- GIVEN INFORMATION
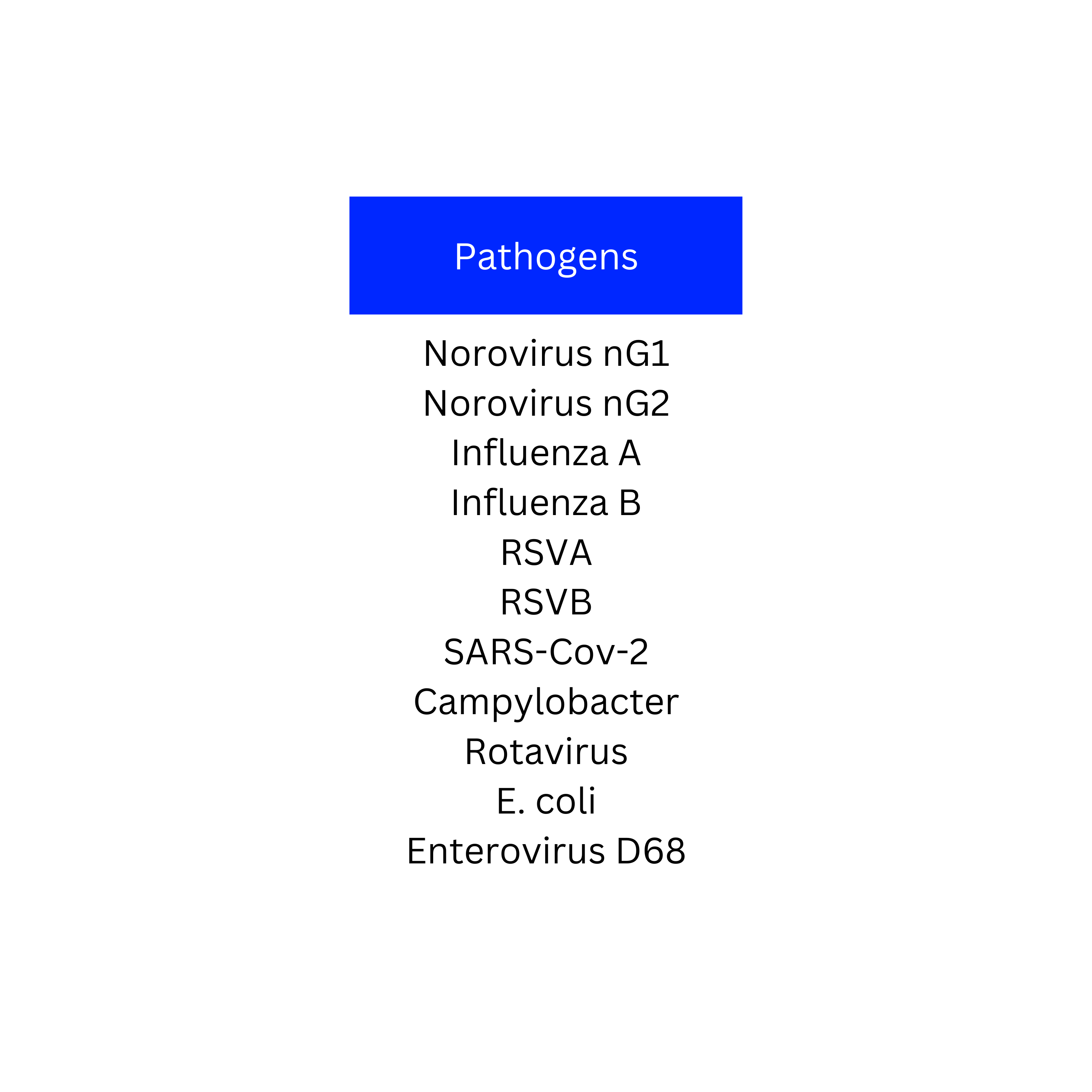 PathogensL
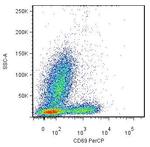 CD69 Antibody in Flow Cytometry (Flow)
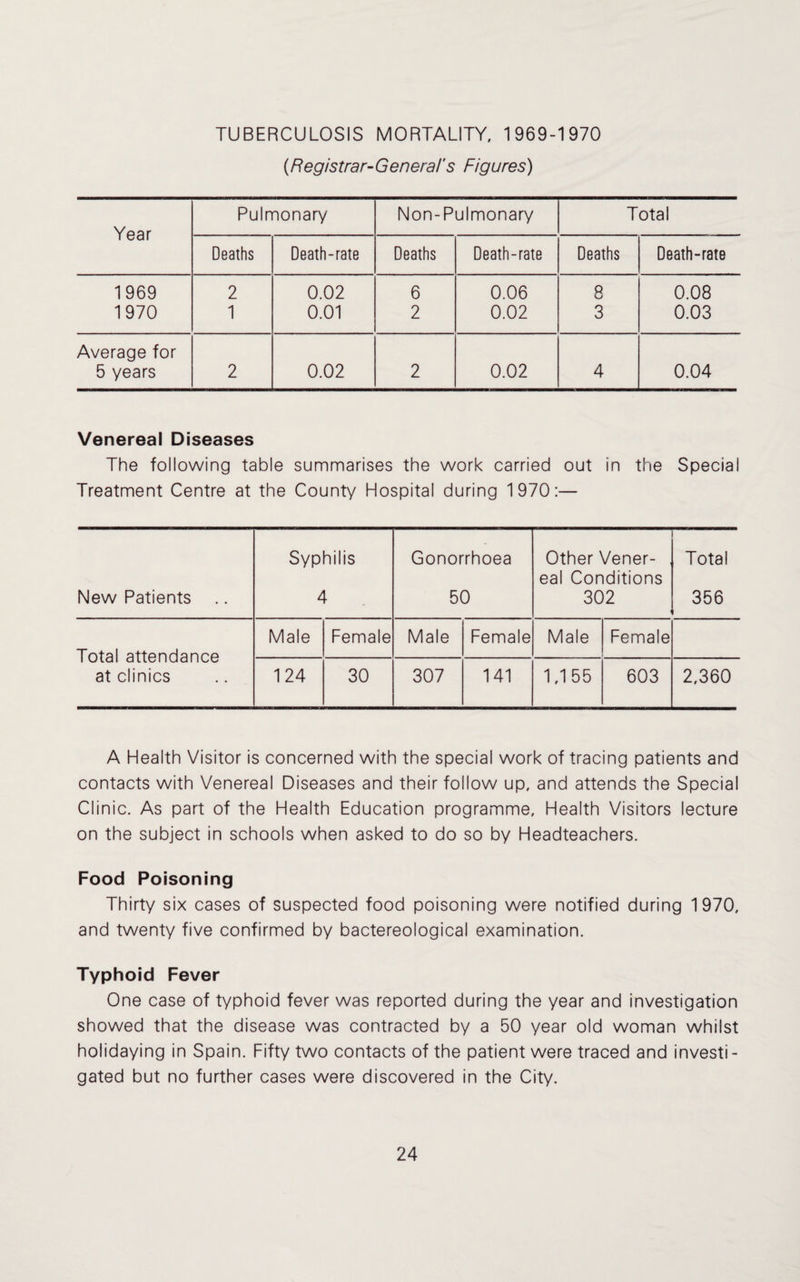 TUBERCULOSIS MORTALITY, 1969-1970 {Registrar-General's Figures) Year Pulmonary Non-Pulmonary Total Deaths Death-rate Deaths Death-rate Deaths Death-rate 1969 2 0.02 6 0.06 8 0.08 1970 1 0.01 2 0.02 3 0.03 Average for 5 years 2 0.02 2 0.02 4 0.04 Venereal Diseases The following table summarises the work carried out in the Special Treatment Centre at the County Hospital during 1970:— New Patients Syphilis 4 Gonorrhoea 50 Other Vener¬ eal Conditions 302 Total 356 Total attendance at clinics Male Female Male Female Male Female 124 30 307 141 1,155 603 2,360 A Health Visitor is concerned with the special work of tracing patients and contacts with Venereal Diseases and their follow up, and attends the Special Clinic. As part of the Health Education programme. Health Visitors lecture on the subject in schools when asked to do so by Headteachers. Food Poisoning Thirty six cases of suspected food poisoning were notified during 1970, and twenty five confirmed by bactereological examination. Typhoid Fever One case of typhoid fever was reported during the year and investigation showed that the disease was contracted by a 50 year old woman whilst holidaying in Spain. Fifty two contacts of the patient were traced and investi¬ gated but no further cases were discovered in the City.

- HOW TO COMPLETE THIS TASK
Could you please return each line of the material exactly, dropping the pictures?

- WRITTEN ANSWER
 PathogensL
 CD69 Antibody in Flow Cytometry (Flow)
 TUBERCULOSIS MORTALITY, 1969-1970 {Registrar-General's Figures) Year Pulmonary Non-Pulmonary Total Deaths Death-rate Deaths Death-rate Deaths Death-rate 1969 2 0.02 6 0.06 8 0.08 1970 1 0.01 2 0.02 3 0.03 Average for 5 years 2 0.02 2 0.02 4 0.04 Venereal Diseases The following table summarises the work carried out in the Special Treatment Centre at the County Hospital during 1970:— New Patients Syphilis 4 Gonorrhoea 50 Other Vener¬ eal Conditions 302 Total 356 Total attendance at clinics Male Female Male Female Male Female 124 30 307 141 1,155 603 2,360 A Health Visitor is concerned with the special work of tracing patients and contacts with Venereal Diseases and their follow up, and attends the Special Clinic. As part of the Health Education programme. Health Visitors lecture on the subject in schools when asked to do so by Headteachers. Food Poisoning Thirty six cases of suspected food poisoning were notified during 1970, and twenty five confirmed by bactereological examination. Typhoid Fever One case of typhoid fever was reported during the year and investigation showed that the disease was contracted by a 50 year old woman whilst holidaying in Spain. Fifty two contacts of the patient were traced and investi¬ gated but no further cases were discovered in the City.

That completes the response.